[Exercise data Boundary: Start]

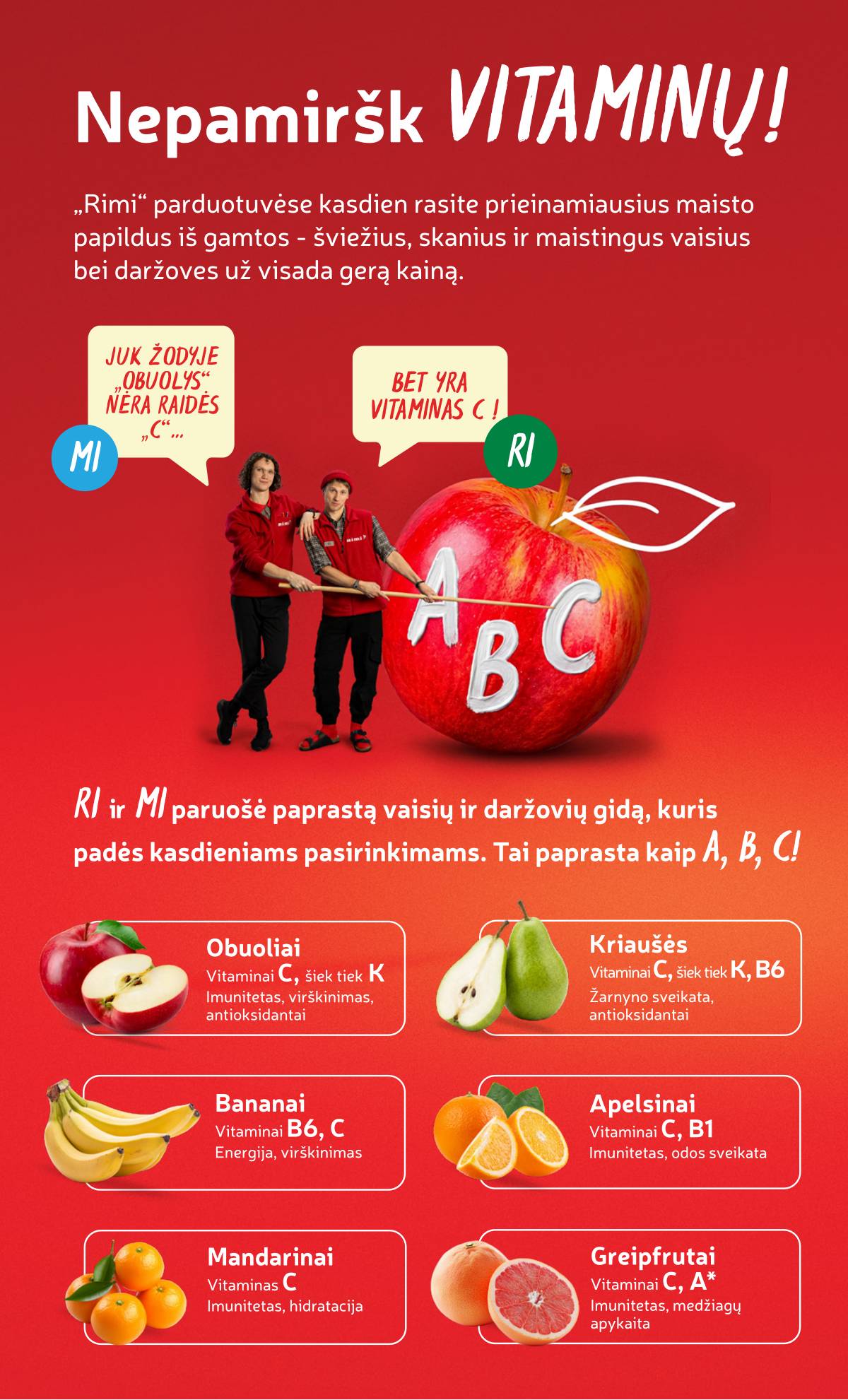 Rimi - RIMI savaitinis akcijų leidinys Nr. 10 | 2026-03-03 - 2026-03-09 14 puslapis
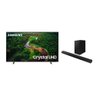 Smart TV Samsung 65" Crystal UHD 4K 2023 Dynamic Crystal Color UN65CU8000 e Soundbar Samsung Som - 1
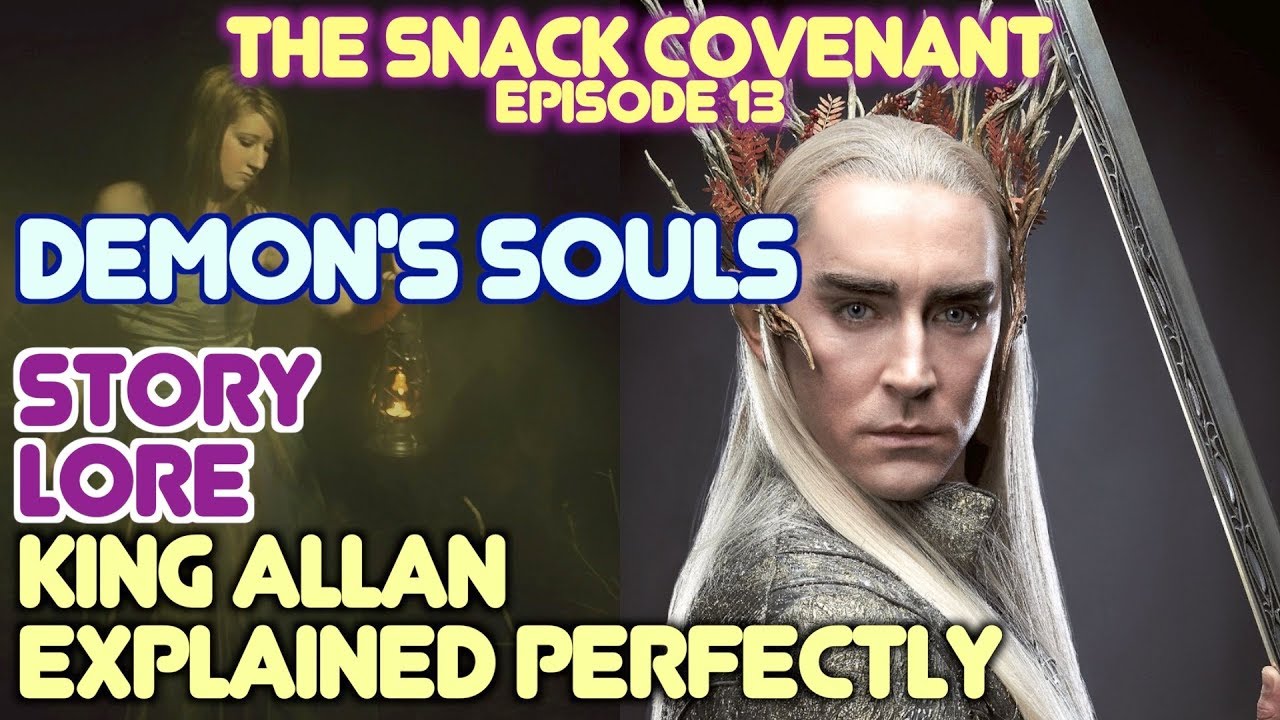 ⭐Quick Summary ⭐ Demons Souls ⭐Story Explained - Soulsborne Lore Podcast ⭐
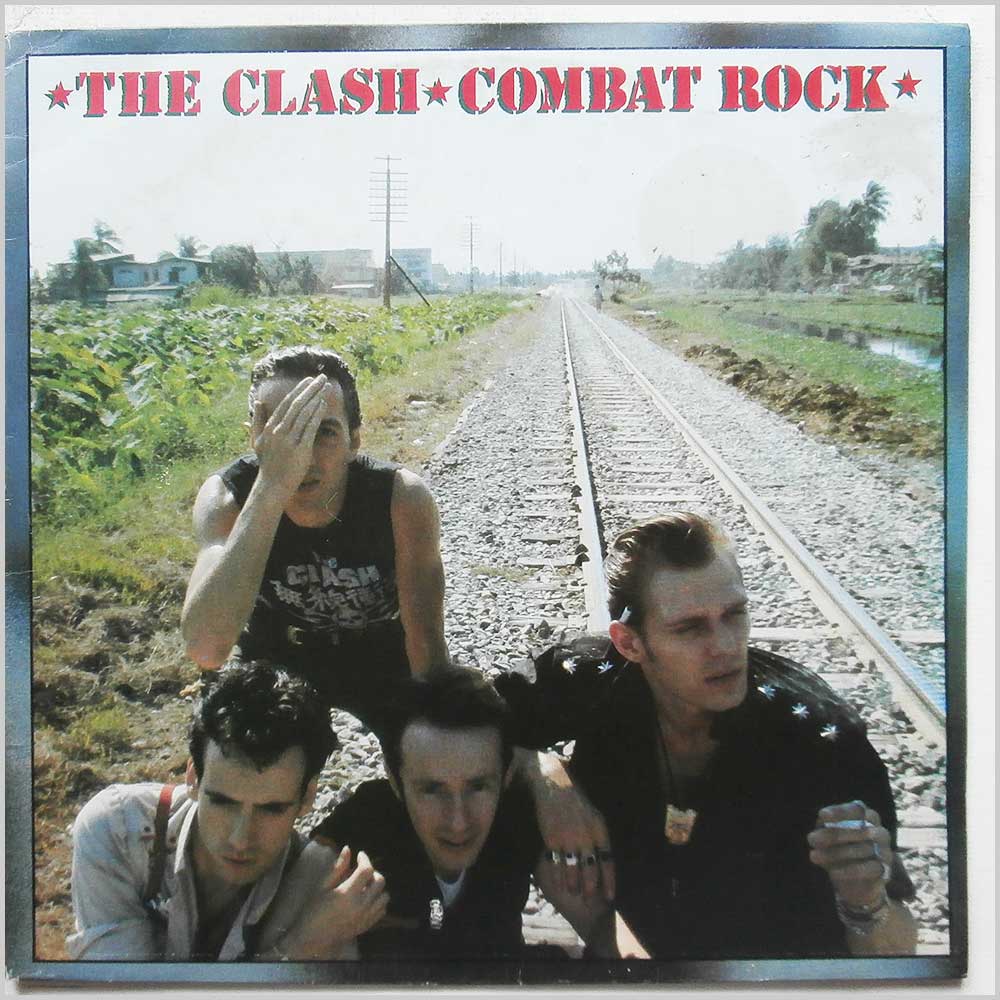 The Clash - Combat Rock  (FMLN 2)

[Exercise data Boundary: End]

### Activity
What is needed is an exact transcription of the lines from the one holding "Lore Podcast ⭐" to the end of the data, with every picture left out.

### Solution to this problem
 ⭐Quick Summary ⭐ Demons Souls ⭐Story Explained - Soulsborne Lore Podcast ⭐
 The Clash - Combat Rock  (FMLN 2)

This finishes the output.